Pocket Cutter Starter Set
http://www.sommerfeldtools.com/item.asp?n=ppj2&d=158&b=2
Plus the item below
http://www.sommerfeldtools.com/item.asp?n=999.505.06&b=3&d=158

---------
http://www.amazon.com/Kreg-K3SP-Poc...ref=sr_1_5?ie=UTF8&s=hi&qid=1197954072&sr=1-5

http://www.amazon.com/Kreg-K3MS-Mas...d_bbs_sr_1?ie=UTF8&s=hi&qid=1197954072&sr=1-1

-----------

One small note,,I'm sure you have heard the saying, "you can't have to many clamps" with the pocket hole jig the need for BIG clamps drops...  because the screw will do the same job and sometimes better ...and it's always quicker..no wait time for the glue to setup and dry...


But I do recommend the two items below from Kreg,,,the big clamp and the bench top inlay plate with clamp, they make the hard jobs easy..

The 1st. picture ,shows the clamp to hold the stock at a right angle,it's always hard to hold in place but the clamp makes it easy.two clamps makes the job a bit easyer,holding the stock up right and freeing your hands up to get the screws in place.
The 2nd. picture, shows the inlay plate that can be installed in a flat work bench ,the clamp slides into a slot and can be a great tool to hold the work in place,it's a plated 1/4" thick steel plate and can be wiped clean after the glue and screws are put in place,I installed in a flip up table top and a great way to keep all the parts lined up at pocket screw time. 

========


===========




jer760 said:


> Do you guys feel that pocket hole joinery is a viable option to mortise and tenon??? And if so, is the Kreg system I've read so much about the right one to get? Your opinions will go a long way to help me decide which way I want to go. Thanks in advance.
> 
> Jer.


----------



## stutsmd (Sep 3, 2007)

I bought the Kreg System a month ago and just completed my first set of cabinets with it - GREAT!! I can't believe I didn't see the utility before and will never be without it again. As previously cited there are several manufacturers and I believe all will produce the same result so satisfy yourself based on quality and price.


----------



## jjciesla (Oct 20, 2007)

jer760,
I also have the Kreg System and it works great.

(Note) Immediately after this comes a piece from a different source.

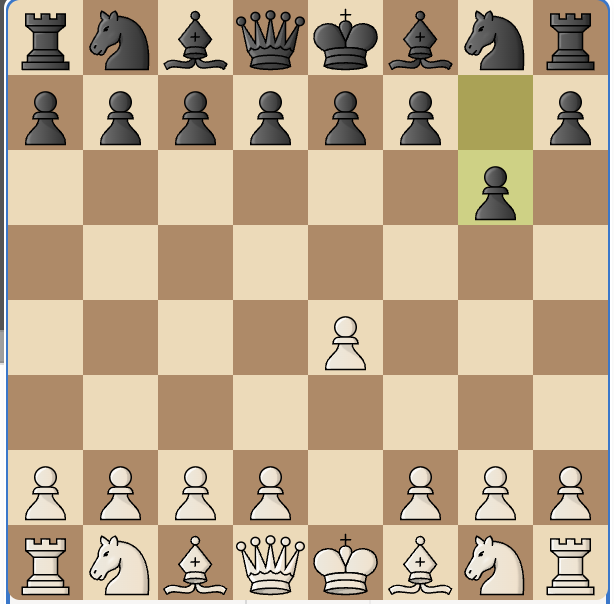 Immagine che contiene pezzo degli scacchi, gioco da tavolo, scacchi, Giochi e sport indoor

Descrizione generata automaticamente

As bobJ3 said those clamps make things go smoothly.


----------



## Ladd (Nov 11, 2007)

bobj3 said:


> I have the Kreg system but I recommend the sommerfeld pocket hole jig


I note that Timberline has the Sommerfeld pocket hole jig kit that comes with a phenolic plate that fits the Industrio table. 

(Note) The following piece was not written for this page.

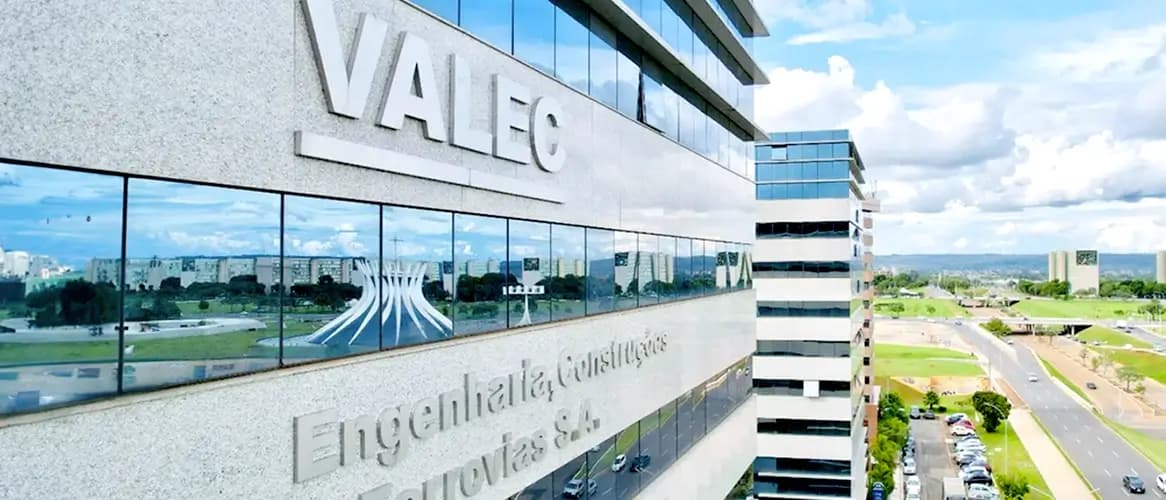 Concurso Valec tem inscrições prorrogadas até domingo, dia 8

http://www.amazon.com/CMT-PPJ-001-Pocket-Pro-Joinery-System/dp/B000Q9319M

Any advantage to this "all in one" solution? 

I don't know if getting one that the router table exactly is needlessly locking in to one type of use or an advantage by at least getting another matching plate for the table ...


----------



## bobj3 (Jan 17, 2006)

Hi Ladd

The drop in plate is going to cost you about 70.oo bucks just for the plate not the other parts,,,you can pickup some 3/8" MDF stock or 3/4" and put a rabbit on it or plastic for about 1/10th price and have the same thing...the starter kit is about 50.oo bucks and the clamp is 10.oo bucks.. see what I mean..But once you see the DVD you will see what I'm talking about..


===========




Ladd said:


> I note that Timberline has the Sommerfeld pocket hole jig kit that comes with a phenolic plate that fits the Industrio table.
> 
> http://www.amazon.com/CMT-PPJ-001-Pocket-Pro-Joinery-System/dp/B000Q9319M
> 
> ...


----------



## jer760 (Nov 17, 2007)

Thanks much for the replies fellas, looks like the Kreg master system for me, just need to chase down the best buy. 

Jer


----------



## bobj3 (Jan 17, 2006)

Hi Jer

At one time on eBay you could get the older model for 60.oo bucks plus shipping without the vac. pickup..close out sale on the older models from Kreg but not from Kreg, from someone buying them up to sale on eBay..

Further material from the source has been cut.